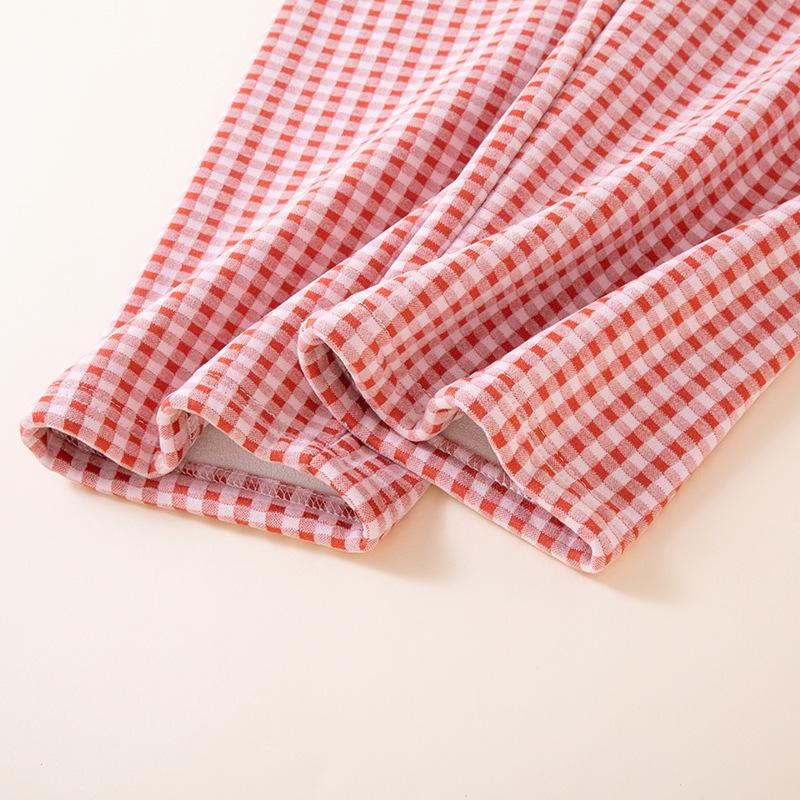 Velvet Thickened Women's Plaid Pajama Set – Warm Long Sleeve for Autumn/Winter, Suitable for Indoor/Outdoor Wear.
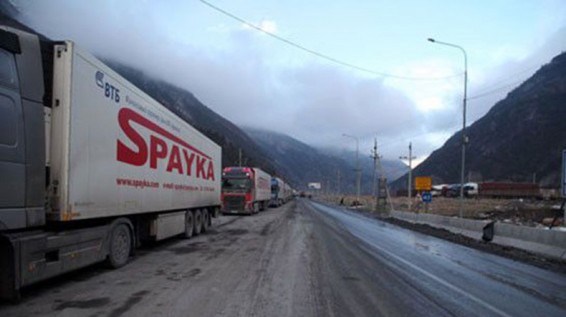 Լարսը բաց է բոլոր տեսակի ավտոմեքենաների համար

+===+

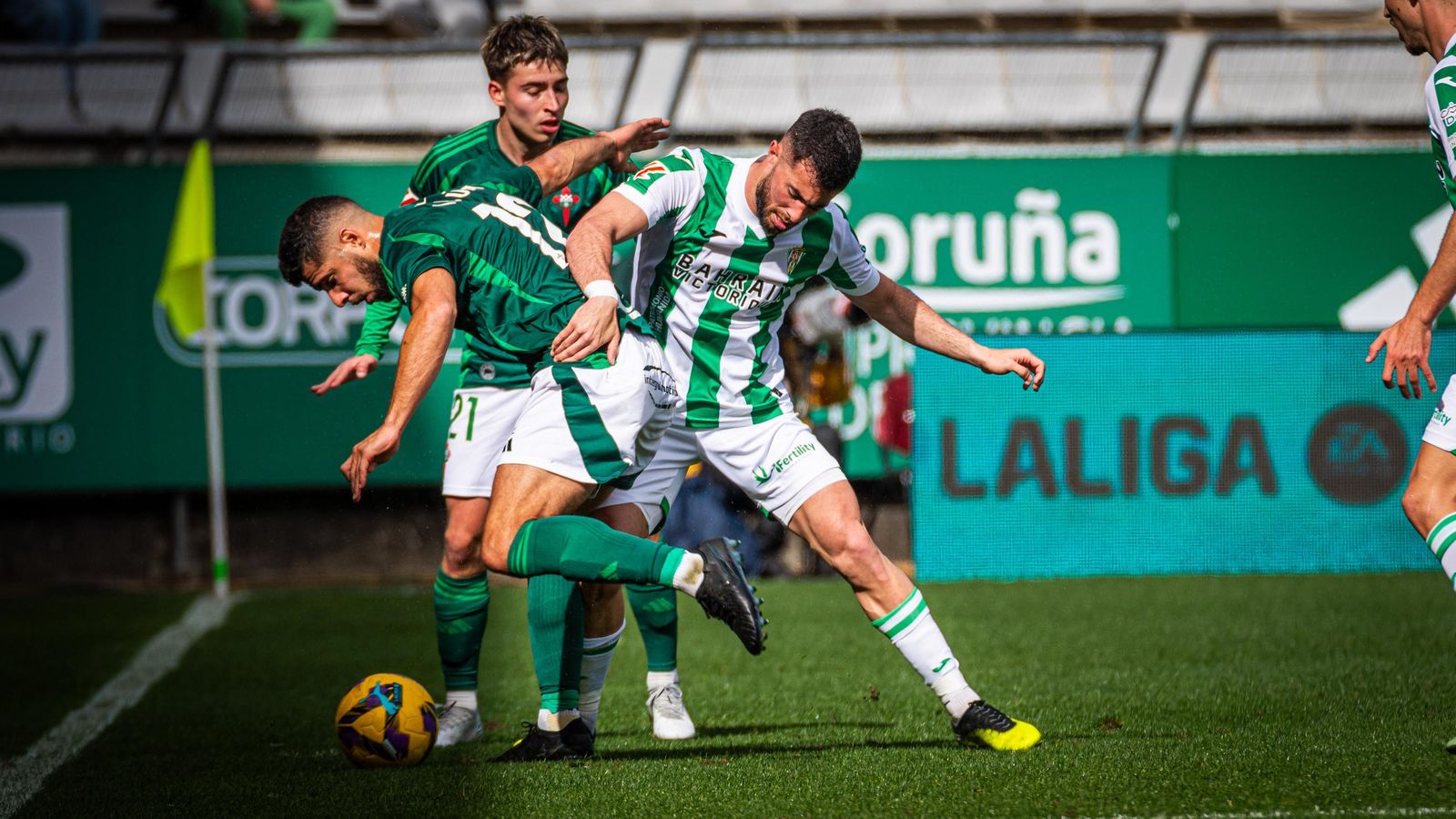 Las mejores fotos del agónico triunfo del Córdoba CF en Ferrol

+===+

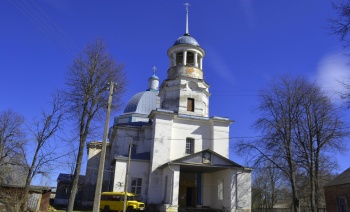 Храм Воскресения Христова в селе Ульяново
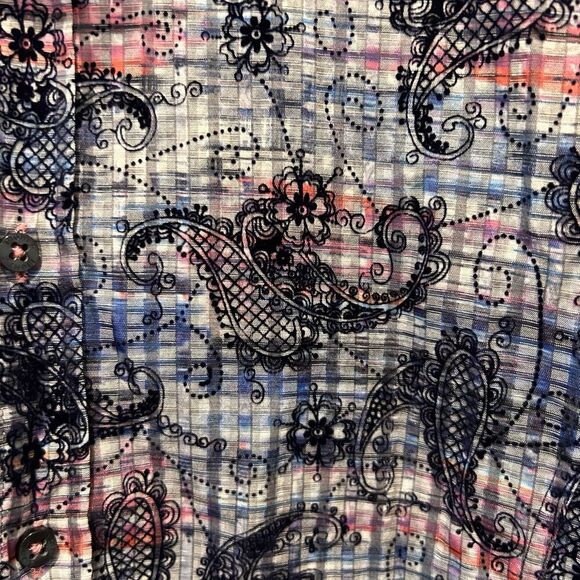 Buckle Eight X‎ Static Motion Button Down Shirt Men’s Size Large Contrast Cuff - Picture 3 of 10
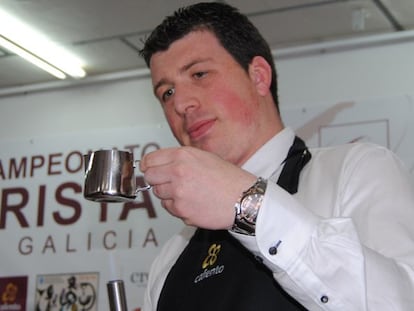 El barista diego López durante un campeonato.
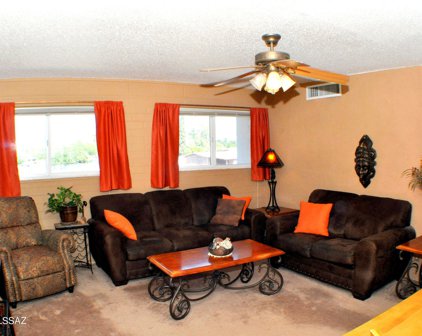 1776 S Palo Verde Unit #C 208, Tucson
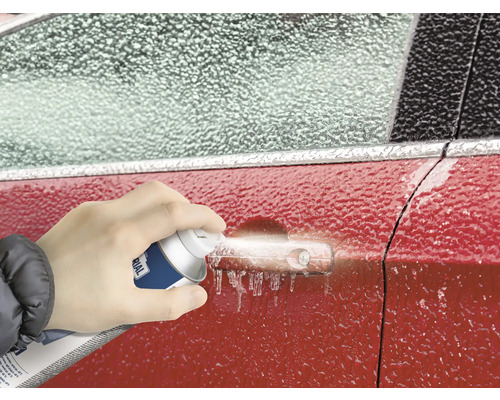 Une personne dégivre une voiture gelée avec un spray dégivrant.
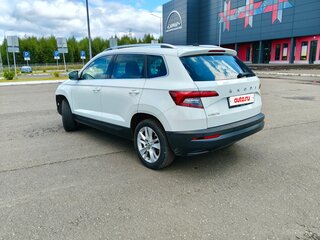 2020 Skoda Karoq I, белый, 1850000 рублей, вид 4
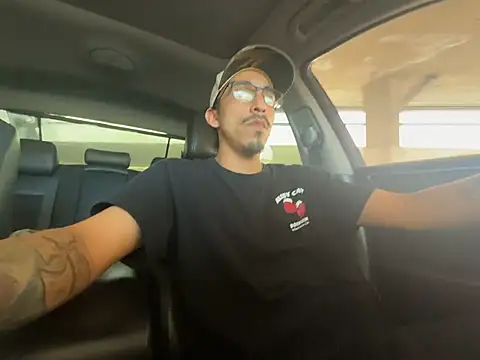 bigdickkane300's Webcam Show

+===+

- [WORK ITEM]:
What you write must match the listing exactly, from the line with "Buckle Eight X‎" up to and including the line with "bigdickkane300's Webcam Show". Pictures stay out.

- [EXERCISE RESPONSE]:
 Buckle Eight X‎ Static Motion Button Down Shirt Men’s Size Large Contrast Cuff - Picture 3 of 10
 El barista diego López durante un campeonato.
 1776 S Palo Verde Unit #C 208, Tucson
 Une personne dégivre une voiture gelée avec un spray dégivrant.
 2020 Skoda Karoq I, белый, 1850000 рублей, вид 4
 bigdickkane300's Webcam Show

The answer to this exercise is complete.